Chris Green: At a recent meeting, it was highlighted that different regions within Germany will have a Minister for science or innovation. If we go through this devolution process, perhaps Greater Manchester will have someone specialising in it and therefore you would have yet another route in, so we have to look at access.

 

Q308   Chair: Mr Ross, I was interested in your comment that you had done an analysis to find out the good acronyms and the dodgy ones—the ones that just act as gatekeepers or barriers. We are quite interested in this. I am very upset by Professor Dowling’s diagram, which I have somewhere in my pile of papers, that looks like a spider’s web of different organisations in the innovation landscape. Would you like to name and shame some acronyms which are troublesome for you?

Bernard Ross: Am I allowed to do what the Minister did and say I do not want to prejudice your inquiry?

 

Q309   Chair: Or that now would not be an appropriate time to comment. No. You can write to us afterwards if you like, but it is in the public domain.
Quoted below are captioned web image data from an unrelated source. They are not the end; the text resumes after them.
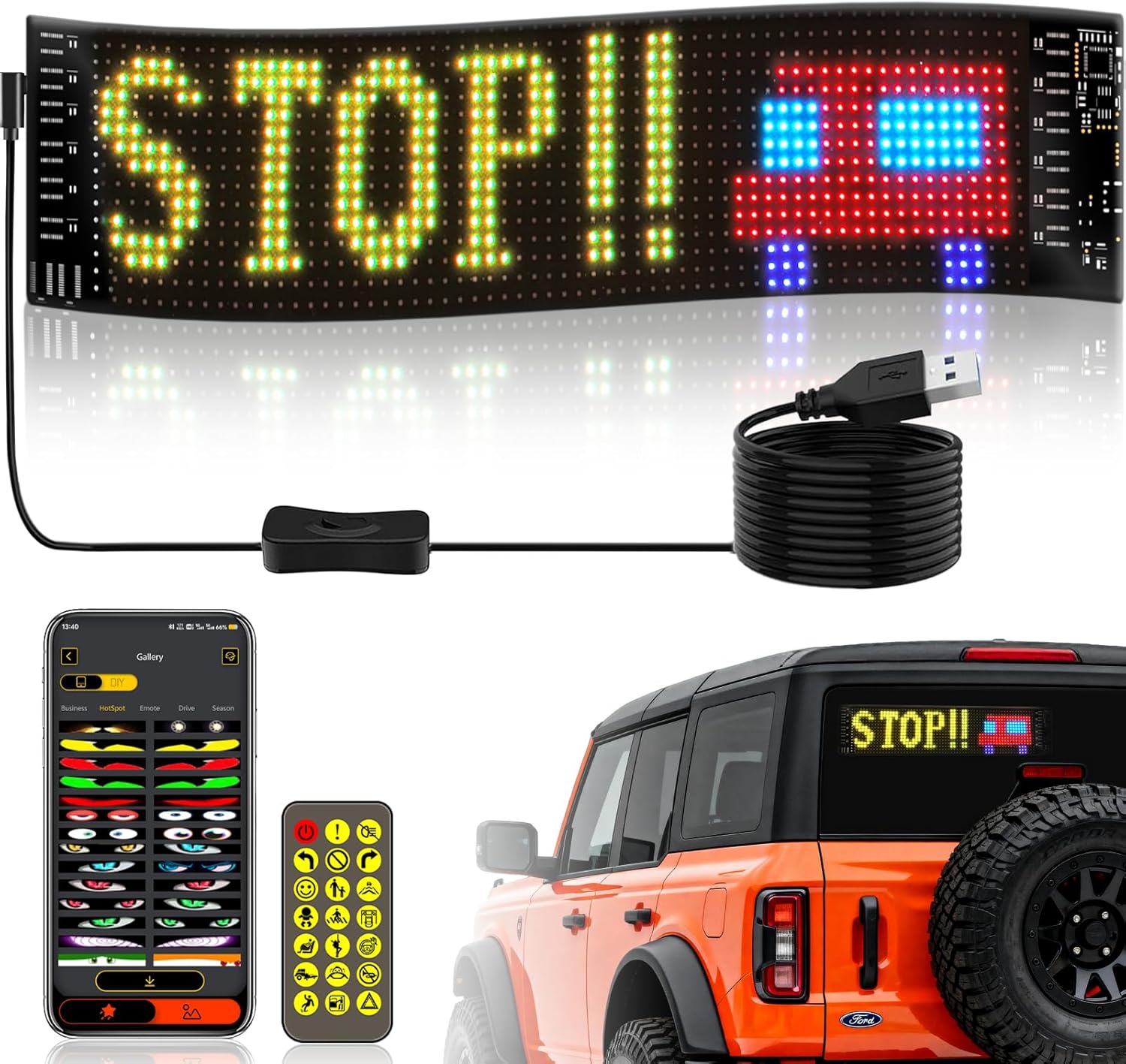 LED Car Sign Flexible LED Matr - огляд і ціна Car Led Light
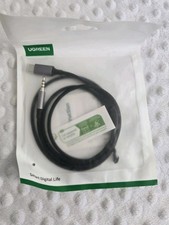 UGREEN Aux to USB C, Aux Cord for Car Type C to 3.5mm Audio Jack Cable 3.3FT TRR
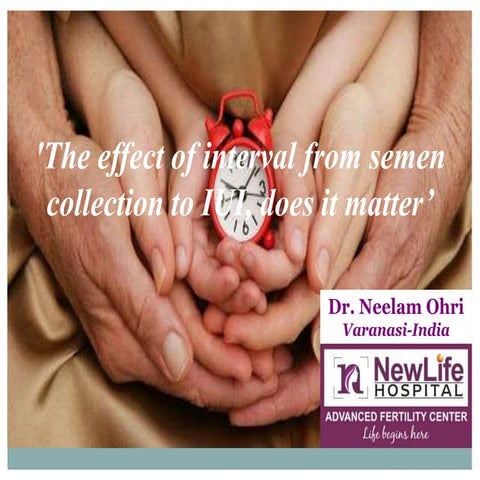 TThe effect of interval from semen collection to IUI, does it matter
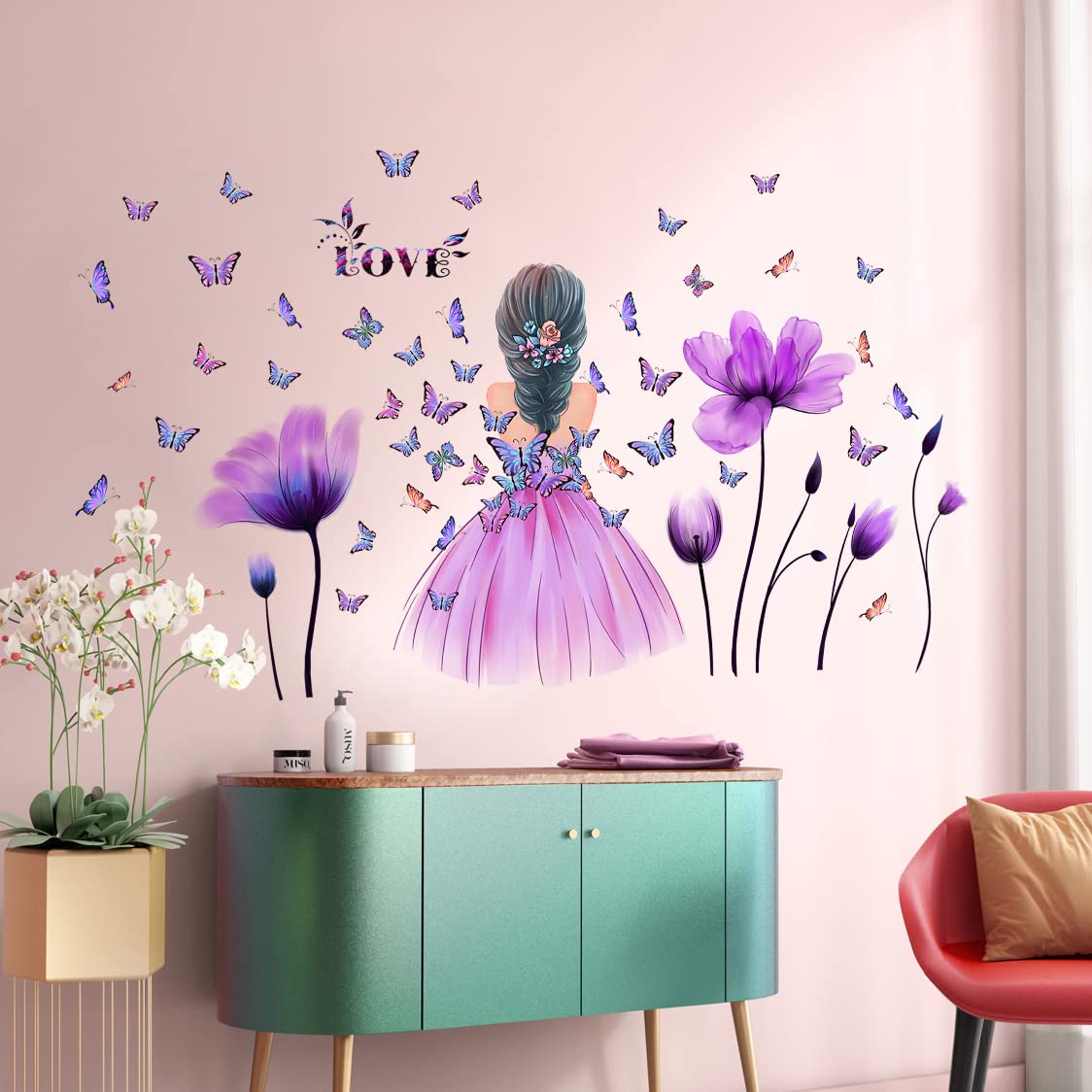 RAINBOW WSK RW-1596 3D floral wall art collection sheet 2 adds depth to walls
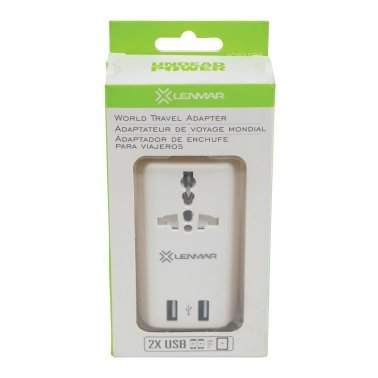 Lenmar Ultra-Compact All-in-One Travel Adapter with USB Port (White)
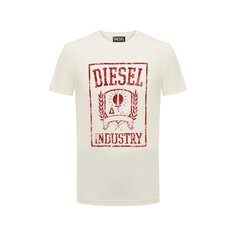Хлопковая футболка Diesel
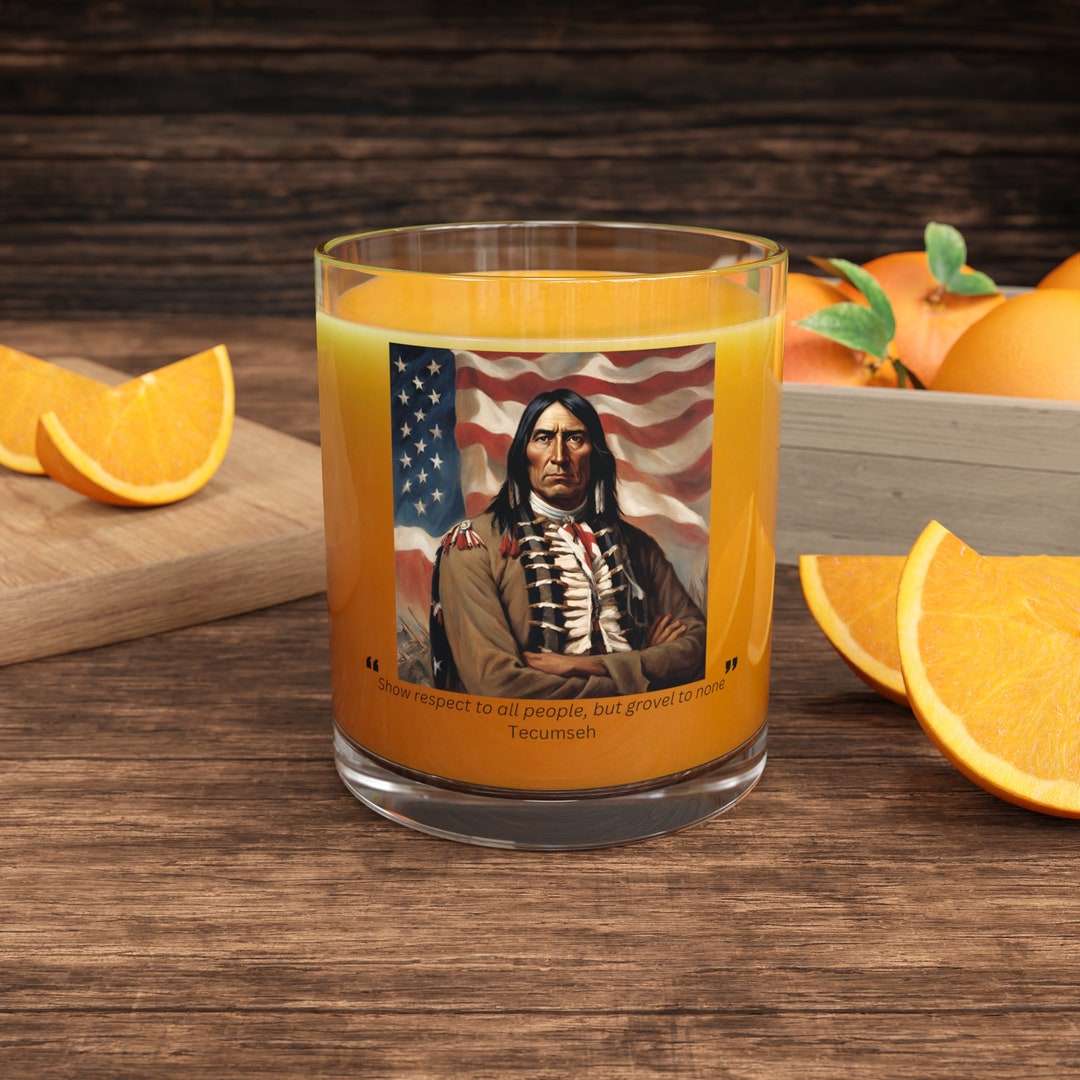 Famous American Quotes Tecumseh Show Respect to All People, but Grovel to None Bar Glass Etsy
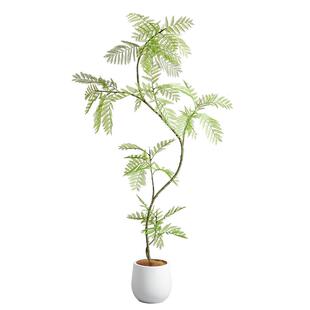 仿真绿植蓝花楹假绿植室内盆栽大型客厅高端轻奢植物摆件装饰假树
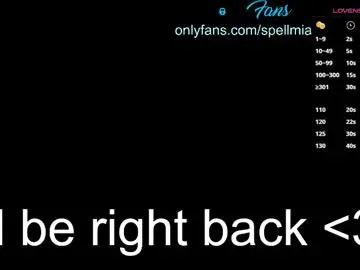 Chaturbate Live Porn of miaspell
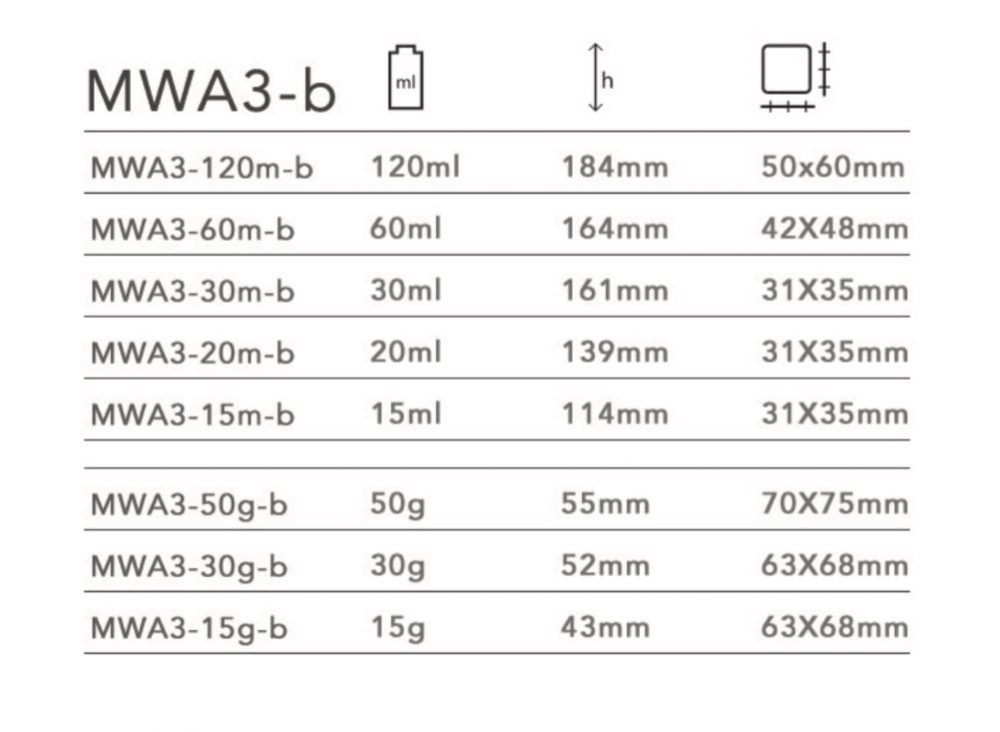 Packaging skin care bentuk persegi pump & jar bahan akrilik warna ungu & silver aneka ukuran | MWA-3b - Image 2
Bernard Ross: I would not mind doing that.

 

Q310   Victoria Borwick: Do you have any particular grounds for believing that the funds available from Innovate are sufficient or insufficient to make the most of the assets created?

Dr Beasley: From a large business perspective, we are very interested in the challenge-based funding calls. I think they have been very successful, so increased funding in that area would be very welcome.

 

Q311   Victoria Borwick: It is a very welcome point. Does anybody else have any views on that? Dr Beasley, do you want to say a bit more?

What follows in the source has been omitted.